Showing posts with label Infidel. Show all posts
Showing posts with label Infidel. Show all posts

Friday, May 4, 2007

Ayaan Hirsi Ali’s ‘Infidel’ a best-seller bravely written

When Ayaan Hirsi Ali scheduled an appearance at the University of Pittsburgh at Johnstown in Western Pennsylvania, Islamic leaders wanted her stopped. One Islamic center leader who had immigrated to America from Egypt told the Tribune-Review the author had “defamed the faith.” He further noted, "If you come into the faith, you must abide by the laws, and when you decide to defame it deliberately, the sentence is death."

Hirsi Ali’s lecture did take place, with security measures carefully put in place. Death threats are no surprise to anyone who’s read the book. The svelte native of Somalia walked away from her religion after realizing she had no personal freedom, not to mention a traumatizing experience with genital mutilation when she was very young.

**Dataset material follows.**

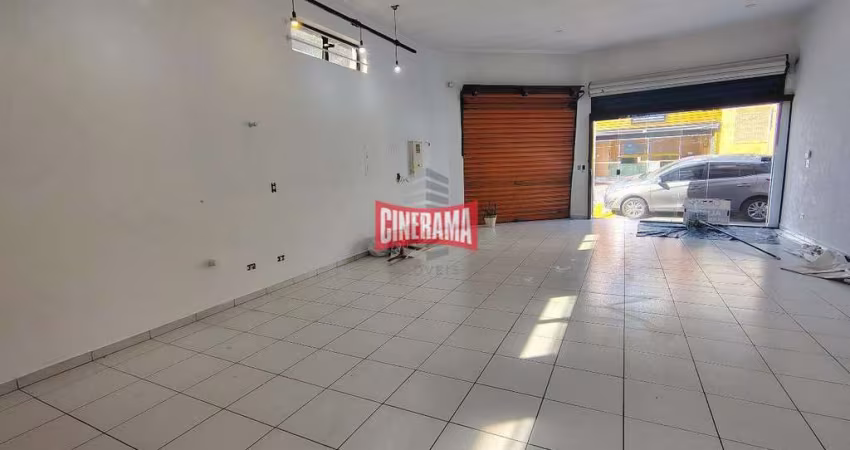 Salão Comercial para locação no Bairro Santo Antônio, em São Caetano do Sul, SP.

“Muslim schools,” she writes, “reject the values of universal human rights. All humans are not equal in a Muslim school… there can be no freedom of expression or conscience. These schools fail to develop creativity—art, drama, music—and they suppress the critical faculties that can lead children to question their beliefs.” She wrote that passage in response to Islamic schools in Holland, the country she fled to after her father arranged her marriage to a complete stranger.

Hirsi Ali’s book is a page-turner in the grand memoir style. Her Ulysses-themed journey takes her from continent to continent, and she ultimately ends up in the one country that represents redemption for so many, America. The author finally admitted to herself and to the public, “I don’t believe in God.” That statement, along with revelations about the rigors and cruelties of her girlhood in an Islamic society, has earned her great praise from Western thinkers and vitriol from many Muslims, both male and female.

Her flight to America followed the death of a friend and collaborator, Dutch filmmaker Theo van Gogh. The two made a short film together. ‘Submission’ offered an artistic take on the violence Muslim women often face. A Muslim man who had come to Holland from Morocco stabbed and shot van Gogh to death because of the film.

Deeply pained by van Gogh’s death, the author refused to be silenced. “I am told,” Hirsi Ali reflects, “ ‘Submission’ is too aggressive a film. Its criticism of Islam is apparently too painful for Muslims to bear. Tell me, how much more painful is it to be these women, trapped in that cage?”